Amidst an otherwise interesting article about how to debunk a myth, the Washington Post tosses a few context-less grenades at the Bush Administration and the War on Terror.
... But the new psychological studies show that denials and clarifications, for all their intuitive appeal, can paradoxically contribute to the resiliency of popular myths.This phenomenon may help explain why large numbers of Americans incorrectly think that Saddam Hussein was directly involved in planning the Sept 11, 2001, terrorist attacks, and that most of the Sept. 11 hijackers were Iraqi. While these beliefs likely arose because Bush administration officials have repeatedly tried to connect Iraq with Sept. 11, the experiments suggest that intelligence reports and other efforts to debunk this account may in fact help keep it alive.
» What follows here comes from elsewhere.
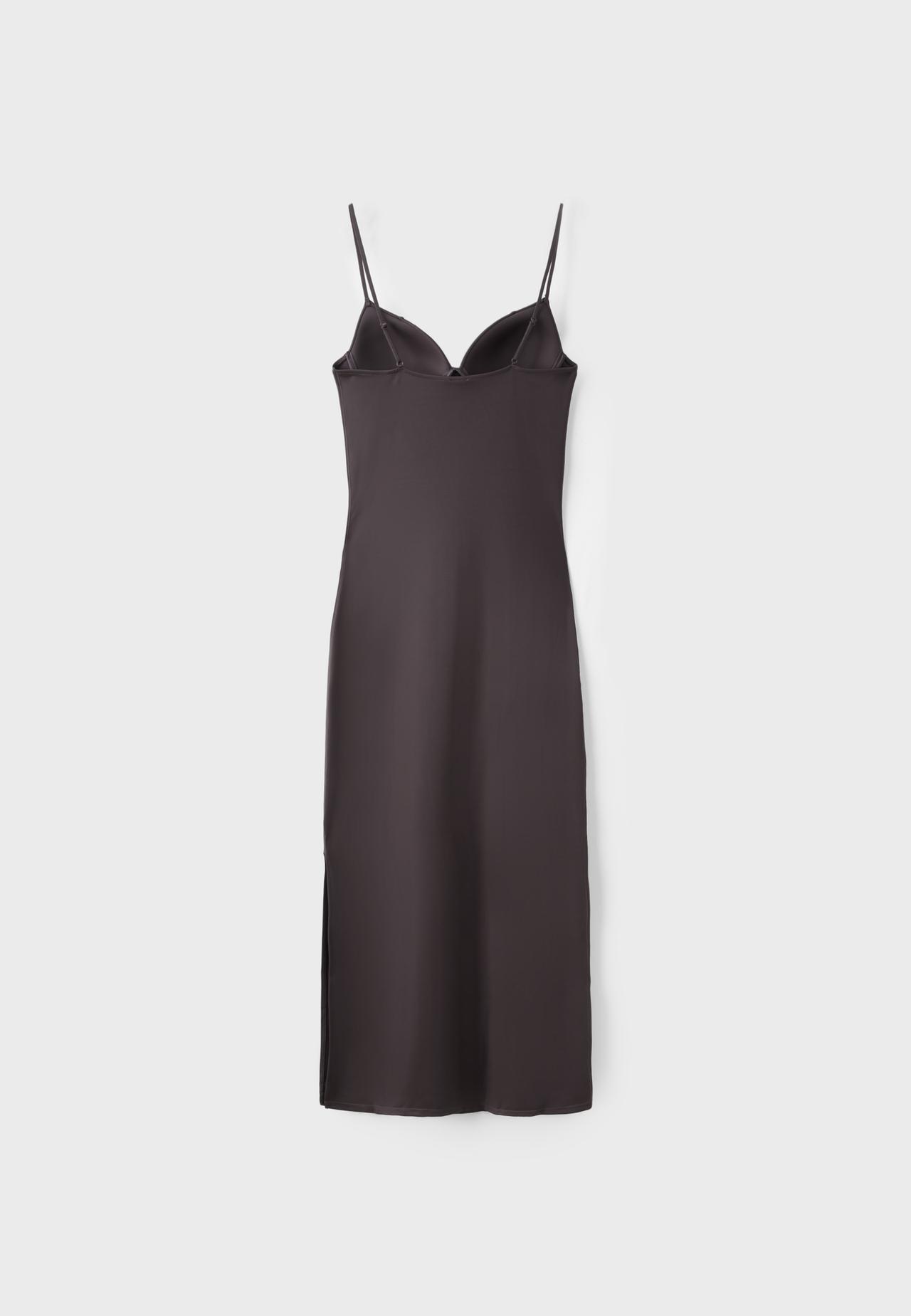 Fitted sculpt  dress — Brown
The only link the Bush Administration has made between Saddam Hussein and 9/11 is that our invasion of Iraq is part of a greater Global War on Terror. No Bush Administration official has ever claimed that Saddam Hussein was involved in planning 9/11, but both the attack on the World Trade Center and the invasion of Iraq are part of the same overarching conflict. The Washington Post pathetically mischaracterizes the most important issue of our time to score cheap political points.
And then at the bottom of the story is a control that lets you add an Iraq War body count to your blog!
I doubt the authors of the psychology paper the article was ostensibly about were happy to see their research hijacked.